Friday, March 28, 2014

Simulations in Space

Story starts out in a fairly normal low-magic fantasy setting.  A good deal of fantasy races.  There are plagues killing human people, the weather and many other natural phenomena are going a bit crazy, fertility is down, and there is a powerful sorcerer-king that everyone is worried about.

As the story goes on, there are a number of factions, or cults.

One faction ostensibly wants to destroy the world.
Another wants to stop them, and keep the status quo.

This gets more complicated, as the reason for the plagues, wacky weather, and worse is because something's terribly wrong with this world, and the world-destroying faction wants to destroy the world so that a new one can appear, one less terrible for everyone to live on.

The major stopping factor is the sorcerer-king, who allegedly stopped/jammed the cycle of renewal and reincarnation, because he liked this world and what he had achieved in it.

In a quest to achieve the same power as the sorcerer-king, the protagonists take part in what is, to them, a spiritual journey sort of thing.  They wake up in tunnels of metal, where they have been kept in stasis/dreaming, as per the matrix.  Forging out and around, they come to realise/are told that they are in a giant, run-down starship, and that the fantasy-world is the stasis-dream.

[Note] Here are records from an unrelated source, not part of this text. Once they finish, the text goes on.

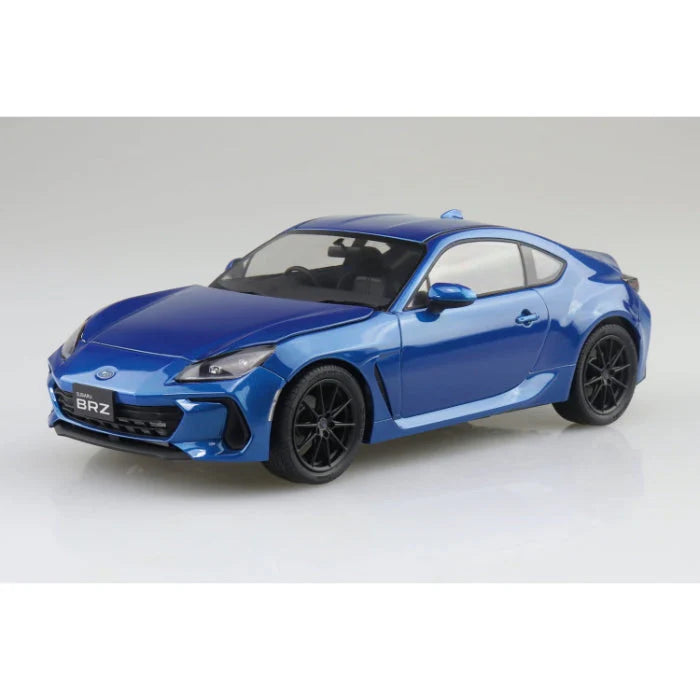 Aoshima 1/24 Subaru ZD8 GR86 BRZ '21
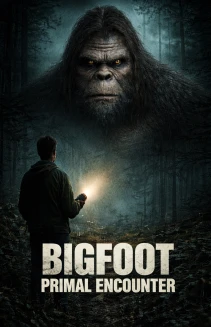 Bigfoot: Primal Encounter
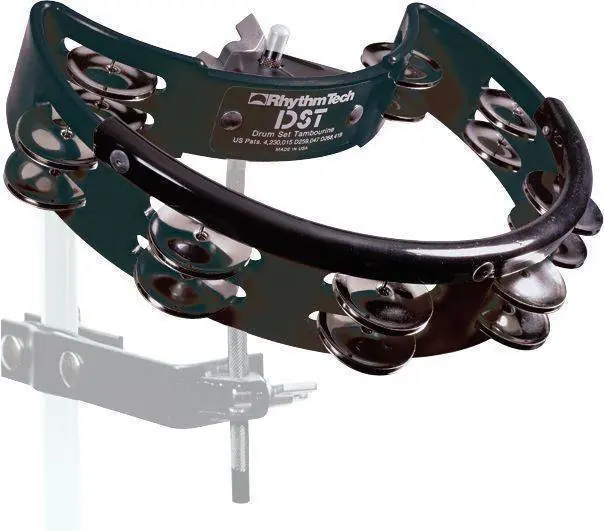 Petit Prix Rhythm Tech Drum Set Tambourine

The computer AI is kinda broken, and the ship has been continuing to falter.  Eventually they uncover that the sorcerer-king was one of a group who were pulled from the simulation to make some repairs that the AI could not.  However, the sorcerer-king instead modified the simulation to give himself powers, and when the AI protested, he damaged it badly until it gave up.

The AI has since been fairly reluctant to pull humans out of the simulation, but the method it provided to the sorcerer-king and his companions was left open.

Darker truths are also found: the plagues aren't something natural, but rather the cover-story for people dying in their stasis pods due to the continual degradation of the ship.  Also, more subtly, everyone in a stasis pod is human.

Unfortunately, the sorcerer-king left in place several blocks and controls that prevent the protagonists from reaching the places necessary to repair the damage.  Instead, now armed with what powers the AI was able to provide them, they are plugged back into the simulation, and must convince (through force if necessary) the sorcerer-king to relinquish his hold before everything goes wrong permanently.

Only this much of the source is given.